- _Exercise instructions_: A word-for-word repeat of all the data is the goal.

[Data extracted from a collection]
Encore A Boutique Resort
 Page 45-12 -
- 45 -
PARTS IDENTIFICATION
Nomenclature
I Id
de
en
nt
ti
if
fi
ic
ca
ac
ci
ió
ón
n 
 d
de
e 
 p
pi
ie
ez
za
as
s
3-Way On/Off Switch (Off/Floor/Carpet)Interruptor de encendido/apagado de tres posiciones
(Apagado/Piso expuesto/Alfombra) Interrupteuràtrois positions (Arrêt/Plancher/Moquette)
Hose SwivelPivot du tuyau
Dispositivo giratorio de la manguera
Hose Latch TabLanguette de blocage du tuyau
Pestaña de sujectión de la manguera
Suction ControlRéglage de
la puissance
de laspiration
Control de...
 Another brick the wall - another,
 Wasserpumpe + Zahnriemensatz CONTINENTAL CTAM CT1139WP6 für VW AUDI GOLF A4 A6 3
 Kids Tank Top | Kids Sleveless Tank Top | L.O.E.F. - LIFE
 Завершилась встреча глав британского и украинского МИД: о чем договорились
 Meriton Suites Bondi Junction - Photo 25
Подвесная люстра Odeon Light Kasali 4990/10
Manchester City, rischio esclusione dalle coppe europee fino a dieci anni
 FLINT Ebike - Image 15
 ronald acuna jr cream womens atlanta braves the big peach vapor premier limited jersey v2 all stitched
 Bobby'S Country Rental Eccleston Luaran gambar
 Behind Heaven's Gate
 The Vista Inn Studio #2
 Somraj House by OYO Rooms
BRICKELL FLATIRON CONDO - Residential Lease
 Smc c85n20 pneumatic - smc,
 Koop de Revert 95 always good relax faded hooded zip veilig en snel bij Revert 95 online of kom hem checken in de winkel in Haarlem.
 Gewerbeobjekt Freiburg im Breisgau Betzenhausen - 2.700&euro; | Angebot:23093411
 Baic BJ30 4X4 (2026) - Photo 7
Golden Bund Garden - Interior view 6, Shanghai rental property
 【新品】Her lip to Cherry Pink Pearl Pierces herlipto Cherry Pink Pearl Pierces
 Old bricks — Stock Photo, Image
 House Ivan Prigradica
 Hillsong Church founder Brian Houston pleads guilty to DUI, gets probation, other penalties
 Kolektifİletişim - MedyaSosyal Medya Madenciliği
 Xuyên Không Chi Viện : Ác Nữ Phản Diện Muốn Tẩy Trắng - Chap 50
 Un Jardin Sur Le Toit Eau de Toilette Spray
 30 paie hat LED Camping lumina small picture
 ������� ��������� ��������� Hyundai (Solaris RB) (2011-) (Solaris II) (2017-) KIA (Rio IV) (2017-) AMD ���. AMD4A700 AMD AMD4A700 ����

- _Exercise result_:
Encore A Boutique Resort
 Page 45-12 -
- 45 -
PARTS IDENTIFICATION
Nomenclature
I Id
de
en
nt
ti
if
fi
ic
ca
ac
ci
ió
ón
n 
 d
de
e 
 p
pi
ie
ez
za
as
s
3-Way On/Off Switch (Off/Floor/Carpet)Interruptor de encendido/apagado de tres posiciones
(Apagado/Piso expuesto/Alfombra) Interrupteuràtrois positions (Arrêt/Plancher/Moquette)
Hose SwivelPivot du tuyau
Dispositivo giratorio de la manguera
Hose Latch TabLanguette de blocage du tuyau
Pestaña de sujectión de la manguera
Suction ControlRéglage de
la puissance
de laspiration
Control de...
 Another brick the wall - another,
 Wasserpumpe + Zahnriemensatz CONTINENTAL CTAM CT1139WP6 für VW AUDI GOLF A4 A6 3
 Kids Tank Top | Kids Sleveless Tank Top | L.O.E.F. - LIFE
 Завершилась встреча глав британского и украинского МИД: о чем договорились
 Meriton Suites Bondi Junction - Photo 25
Подвесная люстра Odeon Light Kasali 4990/10
Manchester City, rischio esclusione dalle coppe europee fino a dieci anni
 FLINT Ebike - Image 15
 ronald acuna jr cream womens atlanta braves the big peach vapor premier limited jersey v2 all stitched
 Bobby'S Country Rental Eccleston Luaran gambar
 Behind Heaven's Gate
 The Vista Inn Studio #2
 Somraj House by OYO Rooms
BRICKELL FLATIRON CONDO - Residential Lease
 Smc c85n20 pneumatic - smc,
 Koop de Revert 95 always good relax faded hooded zip veilig en snel bij Revert 95 online of kom hem checken in de winkel in Haarlem.
 Gewerbeobjekt Freiburg im Breisgau Betzenhausen - 2.700&euro; | Angebot:23093411
 Baic BJ30 4X4 (2026) - Photo 7
Golden Bund Garden - Interior view 6, Shanghai rental property
 【新品】Her lip to Cherry Pink Pearl Pierces herlipto Cherry Pink Pearl Pierces
 Old bricks — Stock Photo, Image
 House Ivan Prigradica
 Hillsong Church founder Brian Houston pleads guilty to DUI, gets probation, other penalties
 Kolektifİletişim - MedyaSosyal Medya Madenciliği
 Xuyên Không Chi Viện : Ác Nữ Phản Diện Muốn Tẩy Trắng - Chap 50
 Un Jardin Sur Le Toit Eau de Toilette Spray
 30 paie hat LED Camping lumina small picture
 ������� ��������� ��������� Hyundai (Solaris RB) (2011-) (Solaris II) (2017-) KIA (Rio IV) (2017-) AMD ���. AMD4A700 AMD AMD4A700 ����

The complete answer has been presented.